Exercise aim:
Only these lines of the data below are wanted: the one with "Enlarge Cyborg, a", the one with "Fig. 1 Vista", and any lines between them, each repeated exactly.

Items from a dataset:
>>
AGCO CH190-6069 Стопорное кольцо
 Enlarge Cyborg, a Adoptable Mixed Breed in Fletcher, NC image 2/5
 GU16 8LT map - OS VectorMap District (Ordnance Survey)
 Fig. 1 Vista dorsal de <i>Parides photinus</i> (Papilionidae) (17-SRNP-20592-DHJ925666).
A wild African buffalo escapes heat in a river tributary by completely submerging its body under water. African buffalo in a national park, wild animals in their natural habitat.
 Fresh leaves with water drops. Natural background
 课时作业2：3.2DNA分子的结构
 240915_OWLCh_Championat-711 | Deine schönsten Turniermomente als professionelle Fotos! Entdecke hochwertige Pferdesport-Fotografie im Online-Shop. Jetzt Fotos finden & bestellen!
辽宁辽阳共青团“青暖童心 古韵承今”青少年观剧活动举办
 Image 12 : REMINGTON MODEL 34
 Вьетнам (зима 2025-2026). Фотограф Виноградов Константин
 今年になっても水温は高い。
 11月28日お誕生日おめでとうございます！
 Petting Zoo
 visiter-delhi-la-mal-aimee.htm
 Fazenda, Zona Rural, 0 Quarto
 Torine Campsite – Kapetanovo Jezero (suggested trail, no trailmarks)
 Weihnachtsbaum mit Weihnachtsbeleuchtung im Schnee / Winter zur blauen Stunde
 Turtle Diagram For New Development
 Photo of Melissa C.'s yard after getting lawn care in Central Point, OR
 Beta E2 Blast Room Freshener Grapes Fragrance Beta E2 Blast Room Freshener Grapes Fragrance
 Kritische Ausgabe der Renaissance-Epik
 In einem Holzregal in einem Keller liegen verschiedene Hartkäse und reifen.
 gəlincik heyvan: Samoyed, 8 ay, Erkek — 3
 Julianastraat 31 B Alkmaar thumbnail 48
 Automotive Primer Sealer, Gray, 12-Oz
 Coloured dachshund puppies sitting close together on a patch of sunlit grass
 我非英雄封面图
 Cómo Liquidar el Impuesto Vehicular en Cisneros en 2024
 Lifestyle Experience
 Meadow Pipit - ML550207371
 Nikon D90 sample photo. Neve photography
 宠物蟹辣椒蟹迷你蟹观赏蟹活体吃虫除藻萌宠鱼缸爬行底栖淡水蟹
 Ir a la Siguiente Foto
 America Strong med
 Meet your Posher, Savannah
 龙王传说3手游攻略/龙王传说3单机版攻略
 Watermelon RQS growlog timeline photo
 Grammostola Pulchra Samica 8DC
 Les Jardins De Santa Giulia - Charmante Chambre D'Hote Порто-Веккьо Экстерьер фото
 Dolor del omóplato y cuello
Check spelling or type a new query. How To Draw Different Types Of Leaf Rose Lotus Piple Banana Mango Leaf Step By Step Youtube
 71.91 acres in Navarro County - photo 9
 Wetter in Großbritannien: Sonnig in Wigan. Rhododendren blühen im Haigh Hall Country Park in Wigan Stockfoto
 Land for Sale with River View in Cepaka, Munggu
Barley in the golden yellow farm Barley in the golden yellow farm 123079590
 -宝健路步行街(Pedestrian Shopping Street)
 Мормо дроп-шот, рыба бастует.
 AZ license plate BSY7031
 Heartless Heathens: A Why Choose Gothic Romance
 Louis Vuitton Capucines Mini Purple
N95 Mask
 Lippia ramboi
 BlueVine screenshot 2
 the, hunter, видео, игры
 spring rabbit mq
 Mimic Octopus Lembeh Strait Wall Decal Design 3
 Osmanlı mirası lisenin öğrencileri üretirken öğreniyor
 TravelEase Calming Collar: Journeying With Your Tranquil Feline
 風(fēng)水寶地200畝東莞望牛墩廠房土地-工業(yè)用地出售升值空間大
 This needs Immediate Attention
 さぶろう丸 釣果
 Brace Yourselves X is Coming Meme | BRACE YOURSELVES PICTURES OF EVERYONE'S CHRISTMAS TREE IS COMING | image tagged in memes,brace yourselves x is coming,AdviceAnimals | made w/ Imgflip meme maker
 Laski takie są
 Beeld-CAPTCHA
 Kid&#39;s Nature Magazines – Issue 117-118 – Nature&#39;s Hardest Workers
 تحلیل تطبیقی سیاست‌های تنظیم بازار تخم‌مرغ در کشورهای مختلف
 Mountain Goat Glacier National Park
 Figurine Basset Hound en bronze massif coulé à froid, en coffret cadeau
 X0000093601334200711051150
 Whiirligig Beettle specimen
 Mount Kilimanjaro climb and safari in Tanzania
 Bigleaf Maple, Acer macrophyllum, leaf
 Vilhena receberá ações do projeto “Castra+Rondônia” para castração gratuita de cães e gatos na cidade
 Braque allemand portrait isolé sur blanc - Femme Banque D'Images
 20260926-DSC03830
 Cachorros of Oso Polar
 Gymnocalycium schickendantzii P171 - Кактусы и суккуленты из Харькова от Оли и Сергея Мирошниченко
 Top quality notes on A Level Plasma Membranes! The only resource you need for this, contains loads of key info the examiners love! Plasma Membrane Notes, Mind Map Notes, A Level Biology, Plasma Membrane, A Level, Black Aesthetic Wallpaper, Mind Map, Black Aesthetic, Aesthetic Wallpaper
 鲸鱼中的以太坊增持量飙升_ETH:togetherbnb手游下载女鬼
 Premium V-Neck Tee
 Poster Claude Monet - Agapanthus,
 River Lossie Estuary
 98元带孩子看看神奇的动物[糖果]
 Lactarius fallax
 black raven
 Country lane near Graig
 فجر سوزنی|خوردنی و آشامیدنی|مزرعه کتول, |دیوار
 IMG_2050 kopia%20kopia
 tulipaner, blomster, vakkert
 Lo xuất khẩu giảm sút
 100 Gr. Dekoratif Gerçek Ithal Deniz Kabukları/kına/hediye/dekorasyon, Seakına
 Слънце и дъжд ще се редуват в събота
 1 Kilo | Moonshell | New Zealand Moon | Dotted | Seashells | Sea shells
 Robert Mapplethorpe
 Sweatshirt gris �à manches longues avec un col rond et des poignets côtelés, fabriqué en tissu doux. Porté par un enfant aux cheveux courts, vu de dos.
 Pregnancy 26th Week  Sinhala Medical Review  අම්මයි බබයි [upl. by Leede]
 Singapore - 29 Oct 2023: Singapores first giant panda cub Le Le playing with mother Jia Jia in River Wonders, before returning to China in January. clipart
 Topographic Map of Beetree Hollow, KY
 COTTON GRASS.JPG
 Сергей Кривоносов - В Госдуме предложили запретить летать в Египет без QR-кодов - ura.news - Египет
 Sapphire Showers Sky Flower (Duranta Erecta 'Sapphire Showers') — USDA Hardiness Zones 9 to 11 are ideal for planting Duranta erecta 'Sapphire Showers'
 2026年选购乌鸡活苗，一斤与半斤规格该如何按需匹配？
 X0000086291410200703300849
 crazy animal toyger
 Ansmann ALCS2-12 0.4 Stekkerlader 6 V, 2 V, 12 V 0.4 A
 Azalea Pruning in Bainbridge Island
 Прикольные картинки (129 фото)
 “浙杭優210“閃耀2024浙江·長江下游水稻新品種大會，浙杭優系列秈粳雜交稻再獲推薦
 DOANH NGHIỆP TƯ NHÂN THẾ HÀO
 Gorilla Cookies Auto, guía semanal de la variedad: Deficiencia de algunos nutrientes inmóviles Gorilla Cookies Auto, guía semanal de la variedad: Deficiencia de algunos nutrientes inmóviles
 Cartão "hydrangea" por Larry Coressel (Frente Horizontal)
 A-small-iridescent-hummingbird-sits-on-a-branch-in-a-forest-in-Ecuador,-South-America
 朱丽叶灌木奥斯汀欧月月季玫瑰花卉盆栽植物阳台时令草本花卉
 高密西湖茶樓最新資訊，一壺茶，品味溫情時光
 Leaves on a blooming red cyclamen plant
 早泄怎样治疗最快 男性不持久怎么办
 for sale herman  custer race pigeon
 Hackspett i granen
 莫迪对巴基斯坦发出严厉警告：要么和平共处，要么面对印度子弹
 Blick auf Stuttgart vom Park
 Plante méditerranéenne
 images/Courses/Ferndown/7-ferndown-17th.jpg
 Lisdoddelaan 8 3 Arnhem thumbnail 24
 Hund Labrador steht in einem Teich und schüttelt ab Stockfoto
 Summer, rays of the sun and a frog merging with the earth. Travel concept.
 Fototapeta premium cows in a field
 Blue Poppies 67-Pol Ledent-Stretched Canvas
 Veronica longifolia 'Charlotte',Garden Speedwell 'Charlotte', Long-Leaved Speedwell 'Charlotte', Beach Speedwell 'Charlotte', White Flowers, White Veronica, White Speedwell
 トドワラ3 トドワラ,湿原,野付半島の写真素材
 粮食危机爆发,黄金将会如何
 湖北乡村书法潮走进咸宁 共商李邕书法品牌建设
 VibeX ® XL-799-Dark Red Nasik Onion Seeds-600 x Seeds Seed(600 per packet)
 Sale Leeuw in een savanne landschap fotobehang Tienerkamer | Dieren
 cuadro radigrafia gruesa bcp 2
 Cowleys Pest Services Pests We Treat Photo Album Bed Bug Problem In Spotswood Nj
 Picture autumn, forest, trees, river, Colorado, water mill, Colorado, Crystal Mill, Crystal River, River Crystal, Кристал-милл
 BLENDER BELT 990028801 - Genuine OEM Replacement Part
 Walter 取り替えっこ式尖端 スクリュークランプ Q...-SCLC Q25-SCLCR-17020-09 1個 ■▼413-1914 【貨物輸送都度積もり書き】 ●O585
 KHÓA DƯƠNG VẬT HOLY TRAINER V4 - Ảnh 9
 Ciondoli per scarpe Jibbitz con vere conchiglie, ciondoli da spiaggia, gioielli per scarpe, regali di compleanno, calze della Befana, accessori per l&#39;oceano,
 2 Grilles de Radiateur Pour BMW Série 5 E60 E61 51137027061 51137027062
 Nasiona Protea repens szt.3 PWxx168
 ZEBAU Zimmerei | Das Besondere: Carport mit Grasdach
<<
Problem solution:
 Enlarge Cyborg, a Adoptable Mixed Breed in Fletcher, NC image 2/5
 GU16 8LT map - OS VectorMap District (Ordnance Survey)
 Fig. 1 Vista dorsal de <i>Parides photinus</i> (Papilionidae) (17-SRNP-20592-DHJ925666).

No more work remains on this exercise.